At the centre of all gear lists is a good sleeping system. Ideally you’ll want something small, light, practical, reasonably priced and with the correct warmth credentials. In real life of course you always have to make some sort of compromise.
While planning a trek in Peru it became apparent that a new sleeping bag was in order. I needed something light for traveling that would allow me to spend a few nights below zero. My search took me to a few lesser known manufacturers. The big names available in Europe, like Rab, Mountain Hardwear or Mammut to name a few, all had great options but at prices that did not suit my budget at the time. I ended up buying the Cumulus Lite Line 400. I had read a thread on a small forum about it, the specs on paper looked great, the price was very competitive.
You can read the full spec sheet on the Cumulus Lite Line 400 page. The interesting bits are: Pertex Quantum fabric inside and out, 400g of Polish down 850 cuin, rated 2 ˚C comfort, -4 ˚C limit and -20 ˚C extreme. Total weight: 755g.
This bag has been to Peru, Bolivia, the Great Atlas in Morocco and on the roof of Africa: Kilimanjaro. It has been used with tents, hammocks or on the floor of some very rural accommodations. I think it is time to write about it.
In terms of numbers the Cumulus Lite Line 400 really hits the sweet spot for 3 seasons backpacking and for traveling. Down packs legendary small. The size of the packed bag is about 25cm x 17cm. A comparable synthetic bag would be easily twice the size and 1.5 times the weight. Even compared to other down sleeping bags, the Cumulus Lite Line 400 reaches a very good weight/size ratio due to the use of some of the highest quality down on the market.
I was a bit concerned about the fabric at first. Pertex Quantum, when you see it in the flesh, does not convey a reassuring feeling of strength. It is crazy light per square meters though (35g/m2) and very soft. Just what you want to make an ultra light sleeping bag. I always take great care when handling my gear and, after 5 years of decent use, the fabric of the bag is not showing any signs of weakness. There is the odd feather coming out now and then, which is pretty normal for a down bag and a few loose threads only. You’ll have to be very careful of course because any sharp object like crampons, pointy rocks and bushes would open up the Pertex fabric in no time. I am not holding it against the Cumulus Lite Line 400, when you want low weight, resistance is the first compromise you’ll have to make.
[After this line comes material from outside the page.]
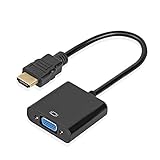 Alextry Adapter HDMI auf VGA, universeller Adapter, Konverter Stecker zu Buchse, 1080P für Tablet, PC, Laptop schw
This sleeping bag also has all the bells and whistles to keep you warm at night. The elasticated hood can be fitted tight to keep warm air inside and around your head with the pull of a draw-cord. There is a small baffle around the neck for air tightness. Another full-length baffle follows the side zip to make sure cold air does not sting you from the side. In practice this one works well but tends to get caught in the zip when opening/closing the bag. That could be a cause of damage of the Pertex Quantum fabric if you are not careful. The footbox is extra filled and in truth too warm for me. The two-way zip will let you ventilate from the bottom if needed. I think all sleeping bag should have two-way zips. I’ve used that feature from the Cumulus Lite Line 400 on numerous night and I would not choose a bag without now. The specs put -4ºC as the limit and in my case this seems to be accurate. I spent a few night at around -5˚C in the Andes and I slept well once I added a light fleece to my long sleeves mid weight merino base layer. I am also a warm sleeper so you’ll have to adjust for your personal type. The sleeping pad used Above 10ºC is really too hot and anywhere just above zero is perfect for a good night’s sleep without having to add too many layers.
The mummy shape is a bit tight around the feet but otherwise ok. 77cm at the shoulders and 51cm at the footbox. You can choose the side of the zip when ordering on Cumulus’s website and two bags can be joined together if the zips are on the opposite sides. A nice touch if you bring your partner with you. An internal pocket, at shoulders height will be able to hold a smartphone, headlamp and a snack or two / phone, passport and wallet if you are travelling.
Delivery for two Cumulus Lite Line 400 took about two weeks. The bag comes with a small stuff sack and a large one for storage.
In terms of competitors you have the Rab Neutrino 400, 860g, limit -3˚C. Heavier and more expensive but with Hydrophobic down. Very similar is the Mountain Hardwear Ratio 32, Hydrophobic down, reasonably priced. The Yeti VIB 400 could also fit the spec bill but is more expensive and heavier. There are of course a lot more options but I think those put the Cumulus Lite Line 400 in perspective.
Final words about the Cumulus Lite Line 400
There is very little wrong about the Cumulus Lite Line 400. I can’t actually find anything I would change. For the price it has all the specifications that matters. It’s light, warm, small when packed and comfortable. I can’t find anything available in Europe today that matches the same specs and price. With the popularisation of Hydrophobic down one might wish to look for gear that uses it. I believe that when you are careful enough and know how to manage condensation in your shelter, hydrophobic down is not that big a step forward.